Sekolah Dasar (SD) pada mulanya bertempat di sebelah utara Mushalla lalu berpindah tempat di rumah Abdullah Zamawi baru kemudian sekitar tahun 1939 atau sebelum Jepang menjajah Indonesia menempati bangunan di sebelah barat Pasar Telo sampai sekarang. Ketika SD dipugar, ada beberapa rumah warga yang dipergunakan untuk kegiatan belajar mengajar diantaranya Rumah Mbah Darwis (Salakan), Rumah Zahid (selatan Masjid Karangkajen) dan utara Mushalla, Mardiwaran, Gedung TK ABA, dll. Selain itu sudah sejak lama Karangkajen memiliki BKIA/Rumah Bersalin.

Banyak orang mengenal Karangkajen selain sebagai Kampung Santri, Industri Batik juga karena mereka bersekolah di sekolah-sekolah yang berada di Karangkajen. Selain itu ketenaran Karangkajen yang berdakwah di pedesaan atau pelosok yang jauh dari keramaian Kota Yogyakarta.

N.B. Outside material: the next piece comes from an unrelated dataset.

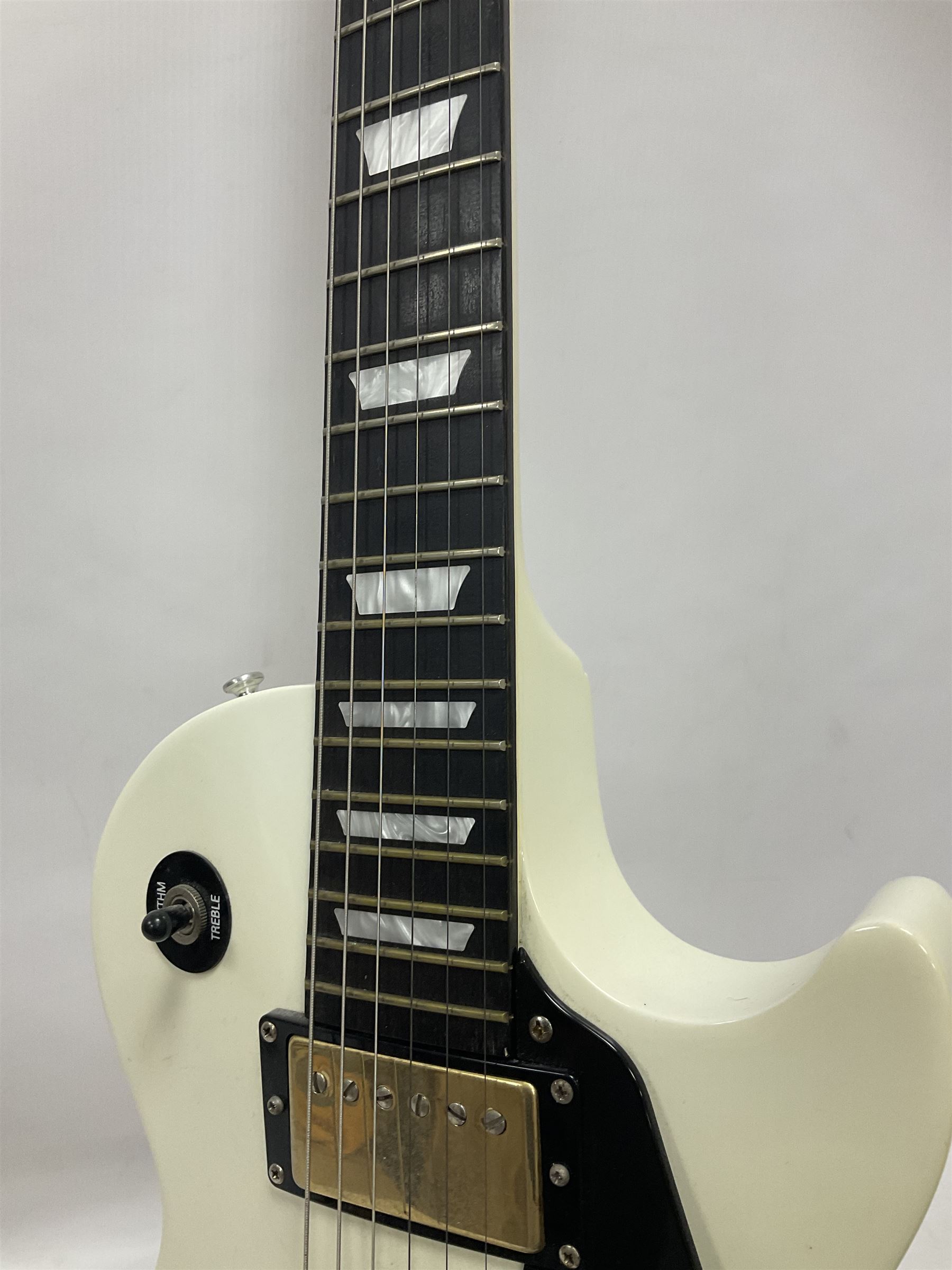 2010 Gibson Les Paul studio guitar, serial no101500537 in white finish with gold and pale green hardware, in Auden soft carry case, guitar L100cm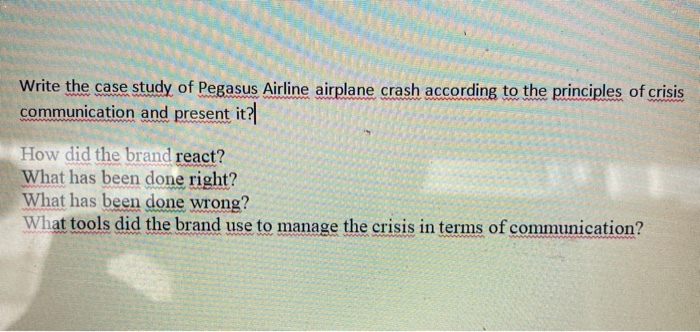 Write the case study of Pegasus Airline airplane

Ringkas kisahnya, Karangkajen dikenal karena sebagian warganya berperilaku rasional dan tradisional. Mereka tidak tanggung-tanggung berjihad dengan apapun yang dimiliki. Berjihad dalam arti ikut berperang melawan penjajah dilakukan dengan bergabung dengan angkatan perang Sabil dan Hizbullah. Berjihad melawan hawa nafsu dikerjakan dengan penuh kesadaran dalam rangka taat kepada Allah, Pencipta segala mahkluk. Berjihad dengan harta dengan membangun berbagai macam fasilitas umum lainnya.